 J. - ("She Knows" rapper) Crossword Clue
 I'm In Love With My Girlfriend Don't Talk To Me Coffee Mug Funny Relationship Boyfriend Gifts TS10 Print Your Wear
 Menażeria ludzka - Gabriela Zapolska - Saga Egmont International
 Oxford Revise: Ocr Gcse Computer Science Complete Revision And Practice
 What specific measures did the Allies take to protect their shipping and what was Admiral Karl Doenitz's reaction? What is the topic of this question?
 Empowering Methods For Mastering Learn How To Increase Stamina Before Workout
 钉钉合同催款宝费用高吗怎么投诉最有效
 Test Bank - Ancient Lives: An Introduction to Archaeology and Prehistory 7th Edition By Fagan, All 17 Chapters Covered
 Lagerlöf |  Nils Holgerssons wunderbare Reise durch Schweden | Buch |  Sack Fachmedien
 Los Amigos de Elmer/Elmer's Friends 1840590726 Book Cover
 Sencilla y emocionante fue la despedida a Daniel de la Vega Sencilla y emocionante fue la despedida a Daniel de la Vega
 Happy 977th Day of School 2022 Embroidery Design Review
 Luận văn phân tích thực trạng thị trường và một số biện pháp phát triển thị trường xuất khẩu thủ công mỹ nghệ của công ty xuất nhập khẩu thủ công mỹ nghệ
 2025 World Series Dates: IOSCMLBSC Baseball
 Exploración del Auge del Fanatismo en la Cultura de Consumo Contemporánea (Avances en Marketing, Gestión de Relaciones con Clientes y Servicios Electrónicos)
==
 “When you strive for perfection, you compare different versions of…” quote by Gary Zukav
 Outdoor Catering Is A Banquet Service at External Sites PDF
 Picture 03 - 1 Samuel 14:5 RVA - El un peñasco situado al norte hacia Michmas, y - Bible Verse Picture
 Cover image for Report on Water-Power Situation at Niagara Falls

AIM OF THE TASK
Looking at the records above, return exactly the lines from the line with "Test Bank - Ancient" to the line with "Exploración del Auge", both ends included.

WRITTEN REPLY
 Test Bank - Ancient Lives: An Introduction to Archaeology and Prehistory 7th Edition By Fagan, All 17 Chapters Covered
 Lagerlöf |  Nils Holgerssons wunderbare Reise durch Schweden | Buch |  Sack Fachmedien
 Los Amigos de Elmer/Elmer's Friends 1840590726 Book Cover
 Sencilla y emocionante fue la despedida a Daniel de la Vega Sencilla y emocionante fue la despedida a Daniel de la Vega
 Happy 977th Day of School 2022 Embroidery Design Review
 Luận văn phân tích thực trạng thị trường và một số biện pháp phát triển thị trường xuất khẩu thủ công mỹ nghệ của công ty xuất nhập khẩu thủ công mỹ nghệ
 2025 World Series Dates: IOSCMLBSC Baseball
 Exploración del Auge del Fanatismo en la Cultura de Consumo Contemporánea (Avances en Marketing, Gestión de Relaciones con Clientes y Servicios Electrónicos)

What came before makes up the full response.